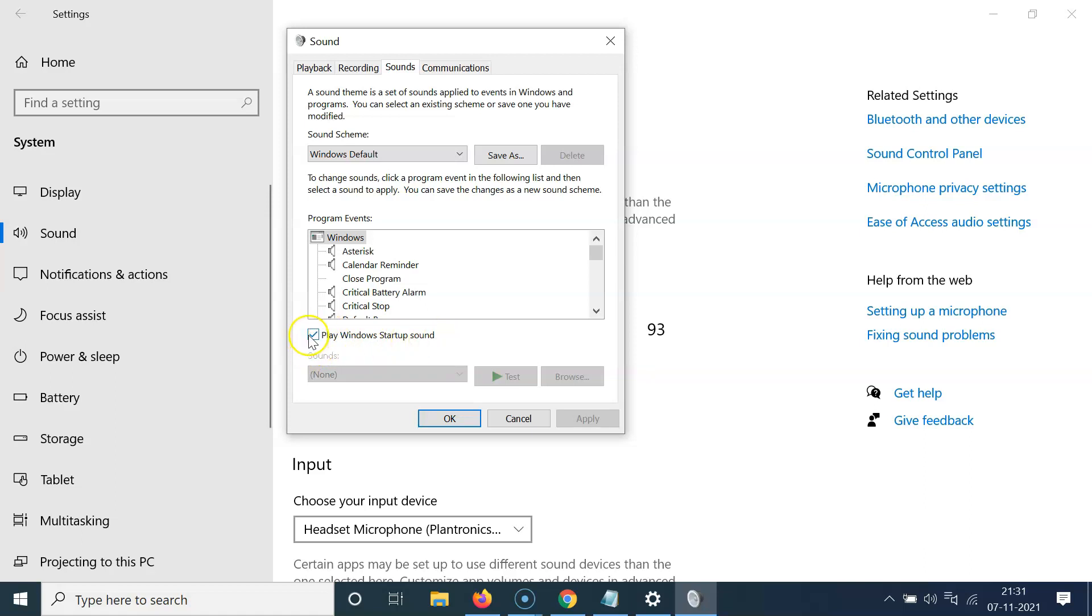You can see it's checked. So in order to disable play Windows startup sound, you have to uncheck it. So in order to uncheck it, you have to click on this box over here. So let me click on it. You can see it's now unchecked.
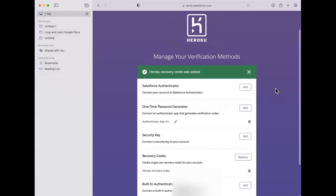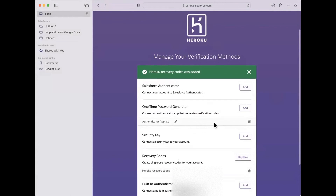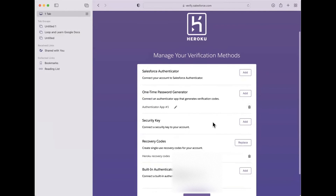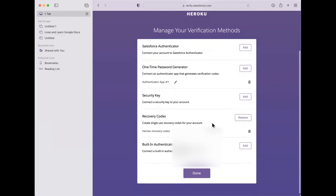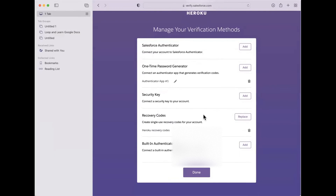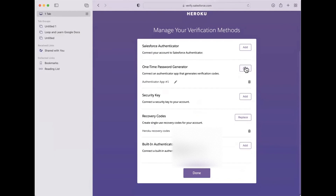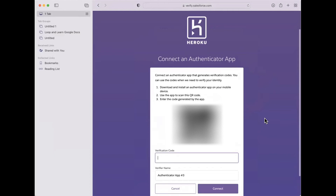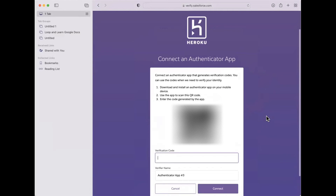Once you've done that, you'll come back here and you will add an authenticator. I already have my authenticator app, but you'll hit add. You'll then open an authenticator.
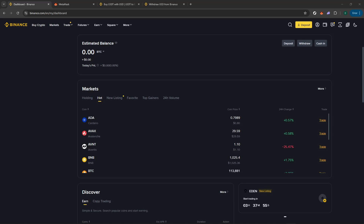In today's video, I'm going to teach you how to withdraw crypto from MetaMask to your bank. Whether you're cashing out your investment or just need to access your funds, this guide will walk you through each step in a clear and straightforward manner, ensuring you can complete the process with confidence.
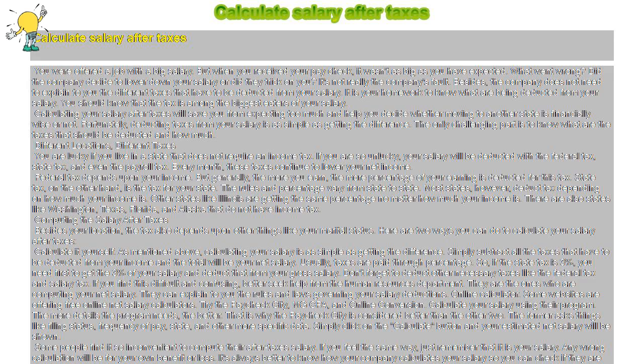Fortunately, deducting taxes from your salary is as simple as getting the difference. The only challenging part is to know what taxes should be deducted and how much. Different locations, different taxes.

▸ REQUIREMENT
Each line from the one containing "In today's video, I'm" through the last line of the listing is to be given again exactly, with no pictures and no other lines.

▸ WRITTEN RESPONSE
In today's video, I'm going to teach you how to withdraw crypto from MetaMask to your bank. Whether you're cashing out your investment or just need to access your funds, this guide will walk you through each step in a clear and straightforward manner, ensuring you can complete the process with confidence.
Fortunately, deducting taxes from your salary is as simple as getting the difference. The only challenging part is to know what taxes should be deducted and how much. Different locations, different taxes.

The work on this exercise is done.